Für Netzwerkadministratoren ist der Start der Apple Watch und damit der Schritt zu einem Massenmarkt der Wearables ein Wendepunkt. Denn es gibt einiges zu beachten, um die Leistung und Stabilität der Netzwerke ihrer Unternehmen sicherzustellen. Falls Administratoren bereits daran gedacht haben, dass BYOD („Bring Your Own Device“, das Mitbringen privater Endgeräte) für die IT von Unternehmensnetzwerken Probleme bereitet, werden sie sich noch die Augen reiben. Das war nur der Anfang. „Wear Your Own Device“ (WYOD, das Mitbringen privater Wearables) wird gewaltige Konsequenzen haben.
Bisher werden diese Technologien von vielen IT-Verantwortlichen aber noch nicht ernst genommen. Sie drohen von Wearables überrollt zu werden. Nur sehr wenige Unternehmen sind auf die Auswirkungen, die diese Geräte auf das Unternehmensnetzwerk haben werden, vorbereitet. Aber nur 15 Prozent haben laut der Online-Umfrage eine Richtlinie, wie mit Wearables im Unternehmen umzugehen ist.

WYOD-Policy.

Die Definition der Mobilitätsstrategie gehört zu den zentralen Fragen eines sicheren IT-Konzepts innerhalb von Unternehmen. Ein sauber verwaltetes und sorgfältig überwachtes Netzwerk ist der Schlüssel zur Vermeidung von Bandbreitenproblemen und zum Schutz der Einrichtungen gegen Sicherheitsrisiken, Datenlecks, Hacking und Schadsoftware. Überlebenswichtig wird sein, dass Unternehmen Richtlinien und bewährte Methoden für Wearables etablieren, sobald diese im Unternehmen auftauchen, und dass Mitarbeiter entsprechend informiert und geschult werden. IT-Abteilungen sollten sich jetzt rechtzeitig darauf vorbereiten, bevor diese tragbaren Geräte im Geschäftsleben allgegenwärtig werden und die Netzwerkleistung und Sicherheit negativ beeinflussen.

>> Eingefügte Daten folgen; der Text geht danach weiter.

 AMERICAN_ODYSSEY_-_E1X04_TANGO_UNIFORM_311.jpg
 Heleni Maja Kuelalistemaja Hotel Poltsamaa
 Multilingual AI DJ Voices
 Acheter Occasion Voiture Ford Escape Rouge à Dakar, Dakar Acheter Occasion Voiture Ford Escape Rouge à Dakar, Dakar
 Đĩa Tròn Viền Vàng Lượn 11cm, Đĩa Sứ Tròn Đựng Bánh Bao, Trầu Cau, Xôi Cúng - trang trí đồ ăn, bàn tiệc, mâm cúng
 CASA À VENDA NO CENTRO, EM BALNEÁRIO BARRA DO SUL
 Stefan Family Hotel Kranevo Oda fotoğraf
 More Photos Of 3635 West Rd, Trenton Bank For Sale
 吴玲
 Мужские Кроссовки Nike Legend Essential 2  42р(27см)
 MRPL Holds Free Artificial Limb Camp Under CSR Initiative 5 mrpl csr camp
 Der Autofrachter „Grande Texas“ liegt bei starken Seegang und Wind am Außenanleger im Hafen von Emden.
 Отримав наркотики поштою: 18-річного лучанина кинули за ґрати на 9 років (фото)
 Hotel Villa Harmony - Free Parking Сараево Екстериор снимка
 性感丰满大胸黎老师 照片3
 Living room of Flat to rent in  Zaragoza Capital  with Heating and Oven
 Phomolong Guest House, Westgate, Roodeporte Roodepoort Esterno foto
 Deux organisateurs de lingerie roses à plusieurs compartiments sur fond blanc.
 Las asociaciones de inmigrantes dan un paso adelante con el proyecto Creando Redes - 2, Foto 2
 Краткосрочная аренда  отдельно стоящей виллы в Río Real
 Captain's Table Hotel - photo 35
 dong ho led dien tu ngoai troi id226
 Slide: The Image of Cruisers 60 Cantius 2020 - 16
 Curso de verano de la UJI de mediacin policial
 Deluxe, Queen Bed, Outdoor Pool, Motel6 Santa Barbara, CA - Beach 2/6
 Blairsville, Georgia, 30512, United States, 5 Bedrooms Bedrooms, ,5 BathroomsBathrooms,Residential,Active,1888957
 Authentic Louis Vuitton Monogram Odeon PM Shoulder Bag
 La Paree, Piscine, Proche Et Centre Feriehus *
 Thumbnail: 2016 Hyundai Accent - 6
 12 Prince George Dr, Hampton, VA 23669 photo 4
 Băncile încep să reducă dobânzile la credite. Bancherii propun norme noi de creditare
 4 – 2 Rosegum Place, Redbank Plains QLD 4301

Die Bedrohung durch Wearables ist weniger offensichtlich als bei Smartphones und Tablets. Netzwerkmanager brauchen Kenntnis darüber, welche Geräte sich im Netzwerk anmelden, und sie brauchen klare Sicherheitsverfahren, welche auch die Mitarbeiter vollständig verstehen. Wenn sich nicht nur Laptop, Smart-
phone und Tablet eines Mitarbeiters mit dem Unternehmensnetzwerk verbinden, sondern auch noch die Armbanduhr, die Brille und ein Schrittsensor, dann wird sich so mancher Administrator umschauen. Noch sind die wenigsten Unternehmen vorbereitet auf den Entwicklungsschritt von Bring your own Device (BYOD) zu Wear your own Device (WYOD). Entscheidend ist, dass der Administrator volle Transparenz über alles hat, was in seinem Netzwerk vorgeht und dass die Entwicklung von Richtlinien und die Planung der entsprechenden Netzwerkleistungen besser heute als morgen stattfindet. Neben einer BYOD-Policy benötigen Unternehmen auch eine WYOD-Policy. Sonst ist es schneller fünf vor zwölf für das Unternehmensnetzwerk als die Apple Watch ticken kann.